Ma sebbene il sud-est asiatico si stia ponendo – o sia spesso descritto – come rivale economico rispetto alla Cina per quanto riguarda le catene di approvvigionamento globali, le aziende della regione sono integrate e collaborano con Pechino. In questo senso la “fabbrica del mondo” non finirà di essere tale nel breve periodo.

Vere alternative alla Cina?

La Cina si sta lasciando alle spalle la fase media e bassa della produzione e secondo alcuni osservatori la maggior parte dei paesi dell’ASEAN potrebbe colmare il divario. Tuttavia, come detto, il ruolo di questi Paesi è più complementare che esclusivo rispetto alla produzione proveniente da Pechino, che guida ha il primato in 37 delle 44 tecnologie critiche, con le democrazie occidentali in ritardo nella corsa alle scoperte scientifiche e di ricerca, secondo un rapporto pubblicato dal think tank Australian Strategic Policy Institute all’inizio di questo mese.

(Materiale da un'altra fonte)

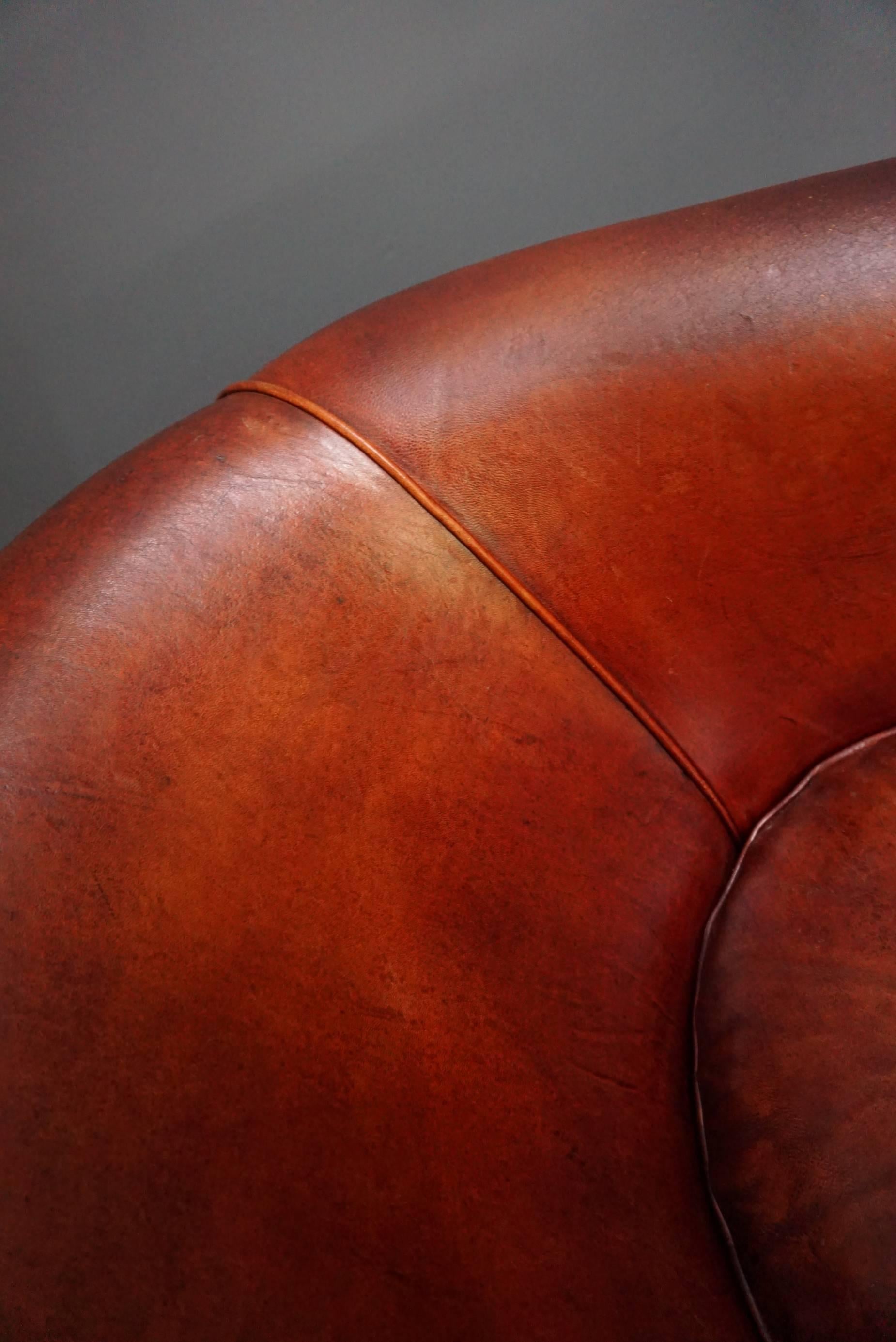 20th Century Dutch Vintage Cognac-Colored Leather Club Chair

Tecnologie che coprono un range cruciale, dal settore della difesa, sazio, robotica, energia, ambiente, biotecnologia, intelligenza artificiale, materiali quantici e altri. Questo determina una condizione di dipendenza dal colosso asiatico che difficilmente cambierà nel breve e nel medio periodo.

Più che nuovo hub, nuova globalizzazione

Pechino non sembra certo destinata a perdere la sua importanza strategica nel commercio mondiale. Le imprese saranno però sempre più costrette a disaccoppiare l’approvvigionamento selettivamente e alcuni settori avranno difficoltà più di altri nel reperimento delle materie prime in un contesto di nuova globalizzazione in cui il suo più grande garante, gli Stati Uniti, sta adottando politiche protezionistiche. Non ci sarà una nuova fabbrica del mondo per sostituire la Cina. Solo un nuovo modello di globalizzazione a cui abituarsi.